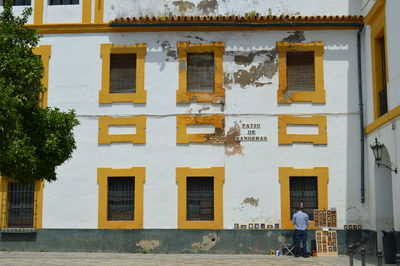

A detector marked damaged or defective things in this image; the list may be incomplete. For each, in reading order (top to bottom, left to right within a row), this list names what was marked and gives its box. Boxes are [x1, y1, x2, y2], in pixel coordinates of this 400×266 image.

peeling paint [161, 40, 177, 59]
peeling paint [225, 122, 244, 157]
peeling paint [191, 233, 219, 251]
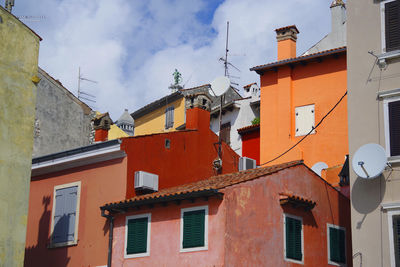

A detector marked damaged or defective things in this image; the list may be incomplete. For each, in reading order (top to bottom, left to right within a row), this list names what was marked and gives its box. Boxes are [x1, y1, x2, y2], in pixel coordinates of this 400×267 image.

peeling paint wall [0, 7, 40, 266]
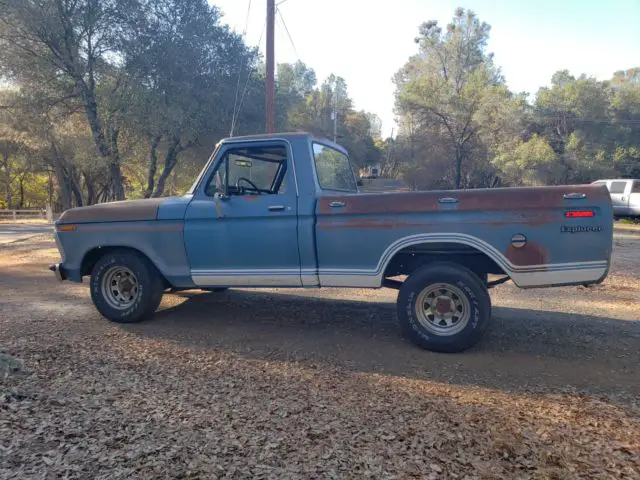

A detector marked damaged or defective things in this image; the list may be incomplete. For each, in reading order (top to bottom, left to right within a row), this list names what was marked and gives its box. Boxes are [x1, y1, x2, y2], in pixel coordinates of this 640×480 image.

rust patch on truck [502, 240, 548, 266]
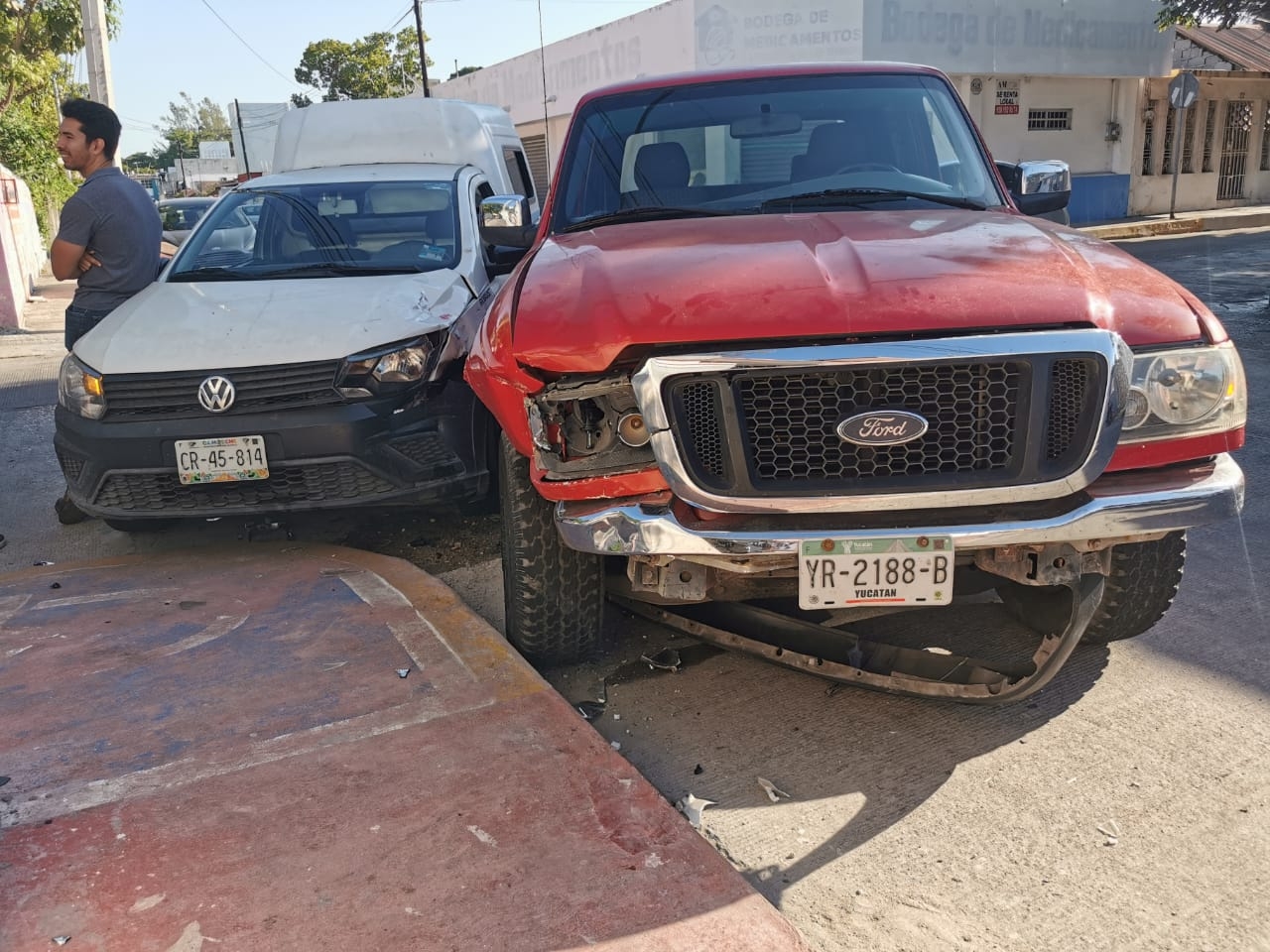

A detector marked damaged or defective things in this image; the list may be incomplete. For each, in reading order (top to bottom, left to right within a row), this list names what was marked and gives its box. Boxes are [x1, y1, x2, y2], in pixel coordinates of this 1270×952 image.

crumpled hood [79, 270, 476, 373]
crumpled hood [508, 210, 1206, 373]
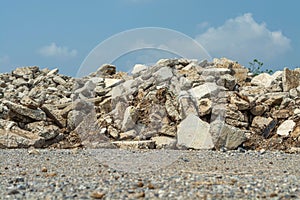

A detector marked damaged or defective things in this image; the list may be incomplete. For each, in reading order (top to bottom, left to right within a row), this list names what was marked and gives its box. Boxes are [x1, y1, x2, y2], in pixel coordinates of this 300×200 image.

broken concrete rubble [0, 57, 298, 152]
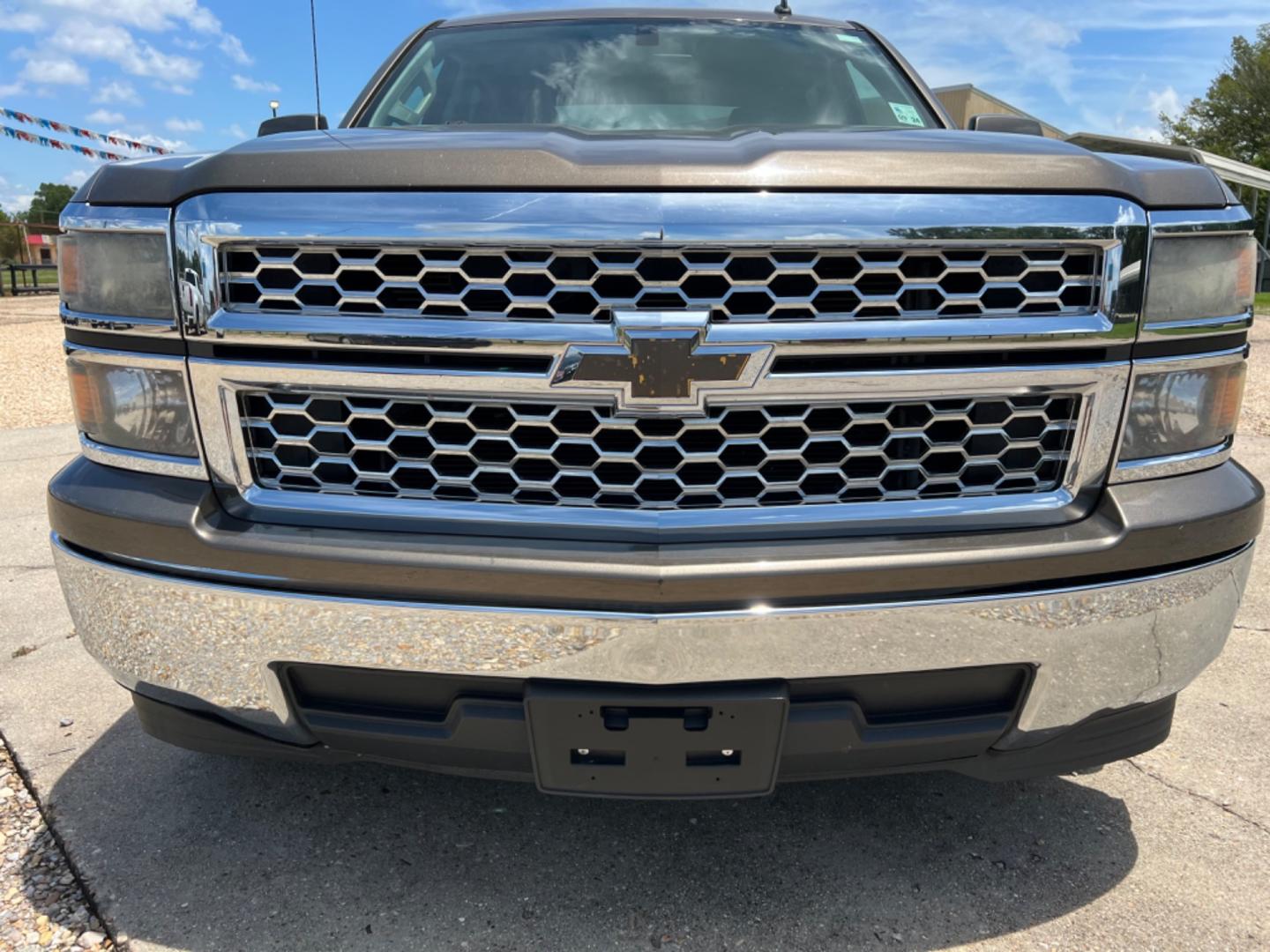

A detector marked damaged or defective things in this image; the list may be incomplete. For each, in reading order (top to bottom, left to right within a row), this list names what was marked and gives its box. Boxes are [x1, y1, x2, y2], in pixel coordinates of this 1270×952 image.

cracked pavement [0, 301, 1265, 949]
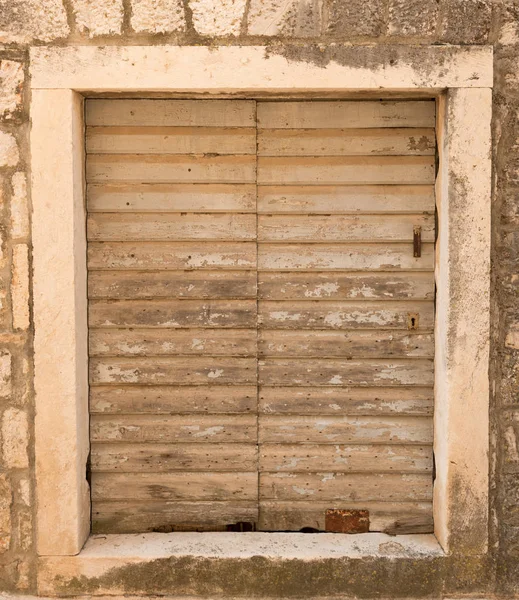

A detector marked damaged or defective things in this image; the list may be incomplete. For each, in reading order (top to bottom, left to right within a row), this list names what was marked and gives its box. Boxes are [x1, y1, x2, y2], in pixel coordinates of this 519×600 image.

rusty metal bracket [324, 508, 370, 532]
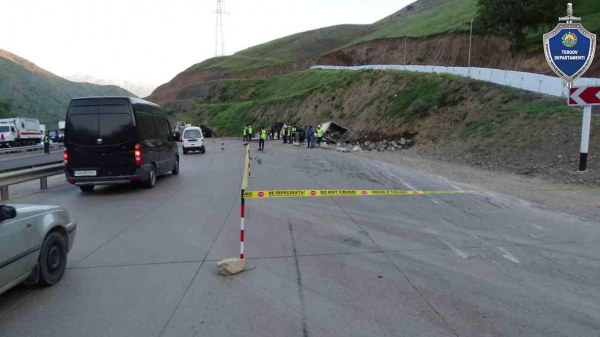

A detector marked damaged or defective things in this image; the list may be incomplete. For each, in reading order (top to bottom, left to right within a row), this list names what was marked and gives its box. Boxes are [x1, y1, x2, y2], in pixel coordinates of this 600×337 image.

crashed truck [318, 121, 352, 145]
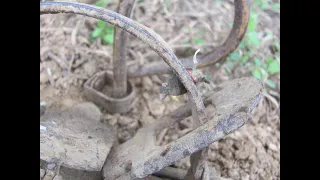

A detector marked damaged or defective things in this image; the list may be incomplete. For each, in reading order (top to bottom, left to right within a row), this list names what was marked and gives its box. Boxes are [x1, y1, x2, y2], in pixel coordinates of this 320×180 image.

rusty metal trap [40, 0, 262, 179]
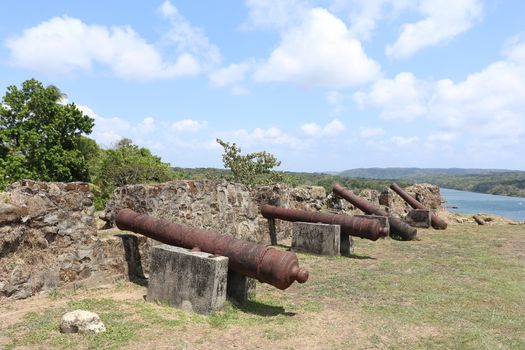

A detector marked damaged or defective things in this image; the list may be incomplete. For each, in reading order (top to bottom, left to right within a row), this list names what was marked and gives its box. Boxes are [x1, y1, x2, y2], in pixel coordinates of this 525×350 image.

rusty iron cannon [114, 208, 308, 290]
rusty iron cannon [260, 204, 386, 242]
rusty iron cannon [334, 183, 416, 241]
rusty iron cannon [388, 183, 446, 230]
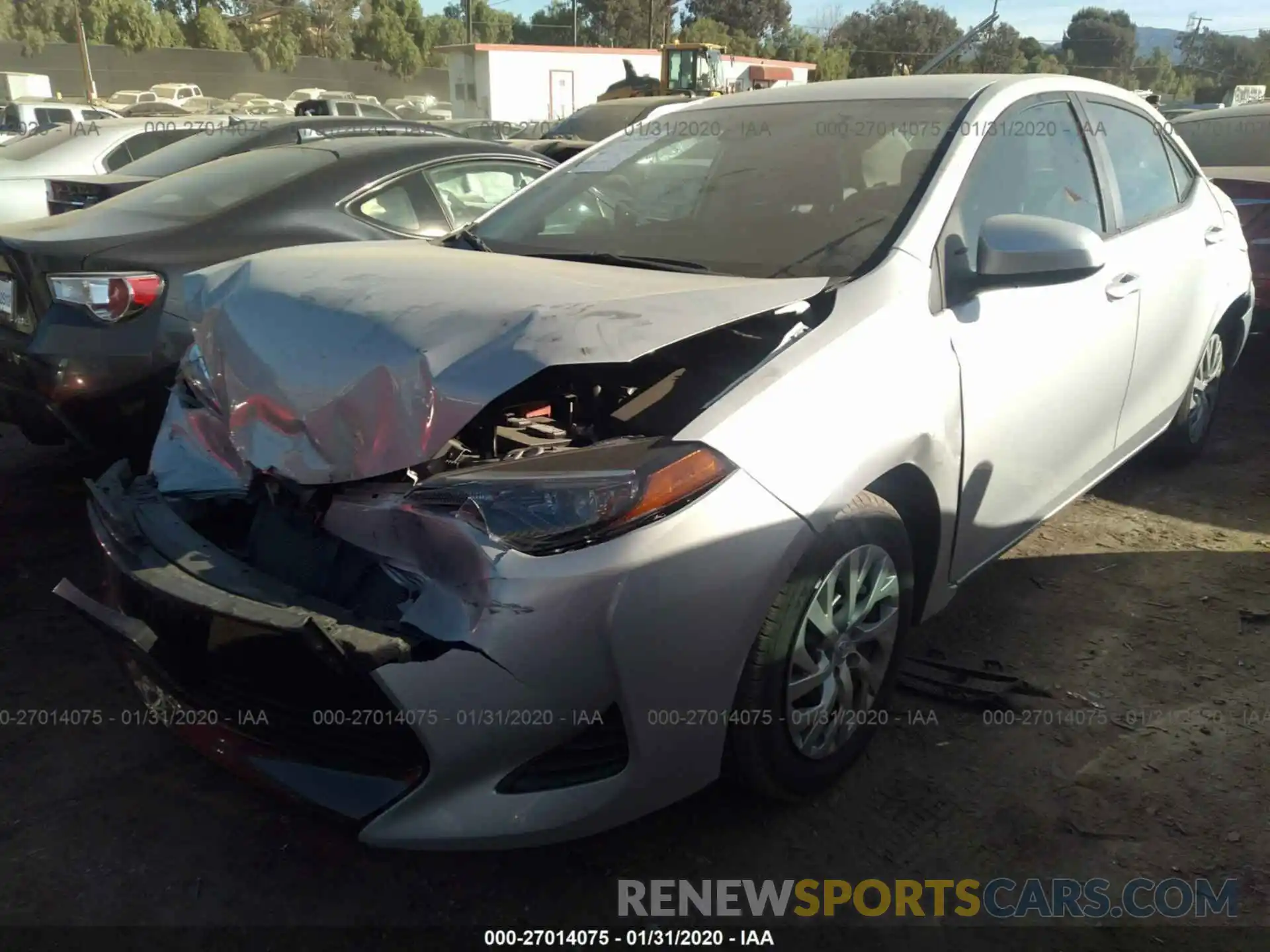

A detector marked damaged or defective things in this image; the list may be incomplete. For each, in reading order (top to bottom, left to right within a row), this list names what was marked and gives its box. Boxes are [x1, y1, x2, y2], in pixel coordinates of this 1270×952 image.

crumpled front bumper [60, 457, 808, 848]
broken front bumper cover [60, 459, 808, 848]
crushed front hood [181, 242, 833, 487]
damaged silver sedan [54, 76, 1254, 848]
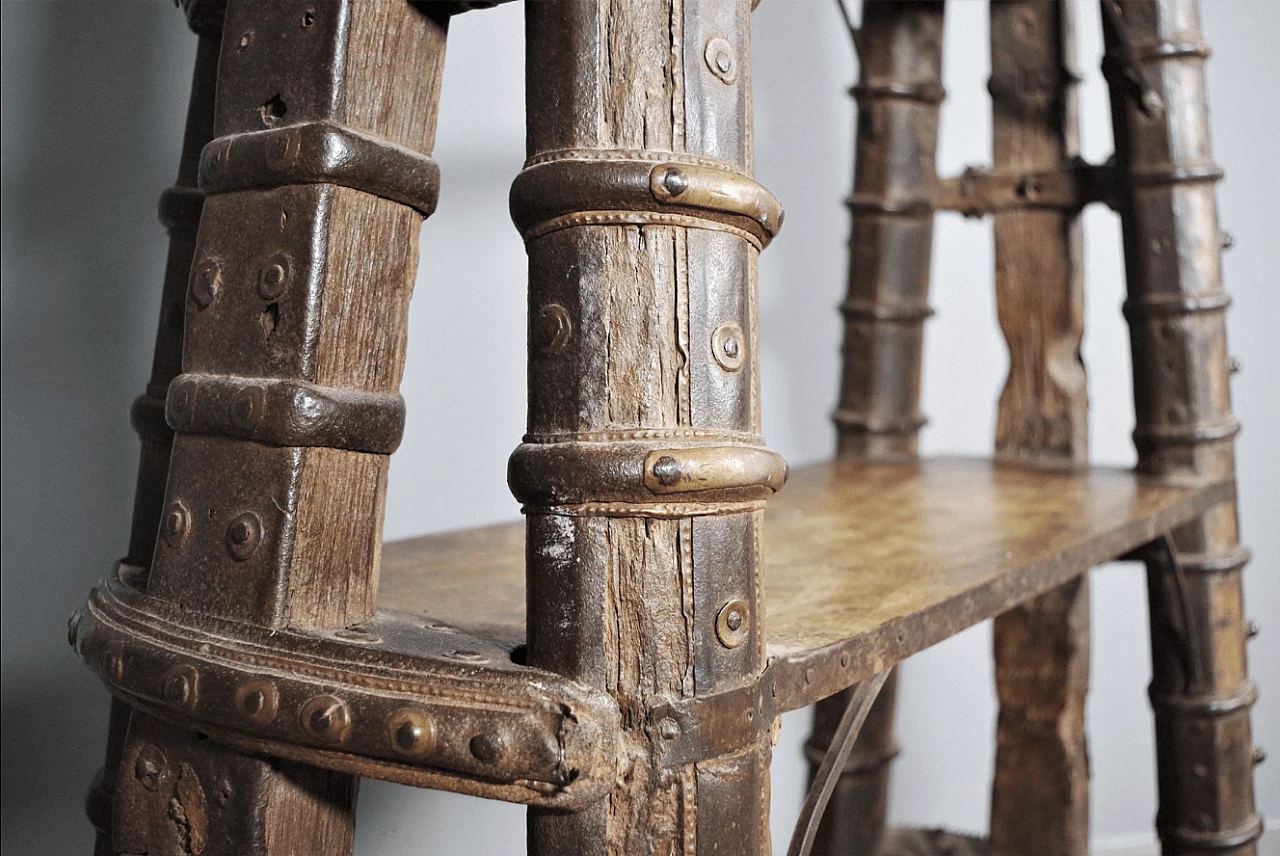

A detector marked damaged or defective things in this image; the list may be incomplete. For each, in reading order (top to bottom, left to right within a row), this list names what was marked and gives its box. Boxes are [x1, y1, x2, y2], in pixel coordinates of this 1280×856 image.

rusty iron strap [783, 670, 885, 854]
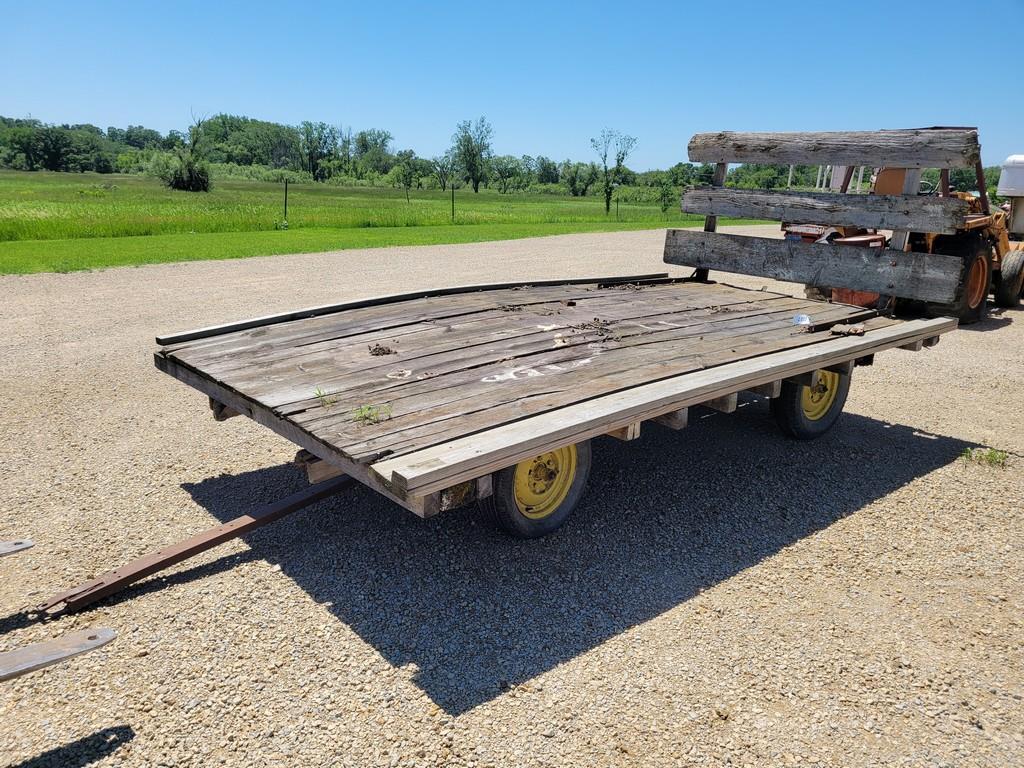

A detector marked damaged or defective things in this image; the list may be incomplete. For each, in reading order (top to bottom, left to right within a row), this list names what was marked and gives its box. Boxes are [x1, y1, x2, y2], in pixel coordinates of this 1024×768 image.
# # # # # # #
**INSTRUCTIONS TO FOLLOW:**
Once you reach the line containing "this 1280×856 image.", print it and every line after it exactly, through the end of the entries, without any pictures.

**EXERCISE RESULT:**
A detector marked damaged or defective things in this image; the list may be incomplete. For each, in reading order (top to bottom, left to right within a row), this list names what was marked and gives its box. Boxes are [x1, y1, x2, y2], in pixel coordinates of this 1280×856 image.

rusty iron strap [783, 670, 885, 854]

A detector marked damaged or defective things in this image; the list may be incomplete. For each, in reading order (top to bottom, left to right within a row), this list names what was marked and gives its box. Boxes are [x1, y1, x2, y2], in pixel coordinates of this 1024×768 image.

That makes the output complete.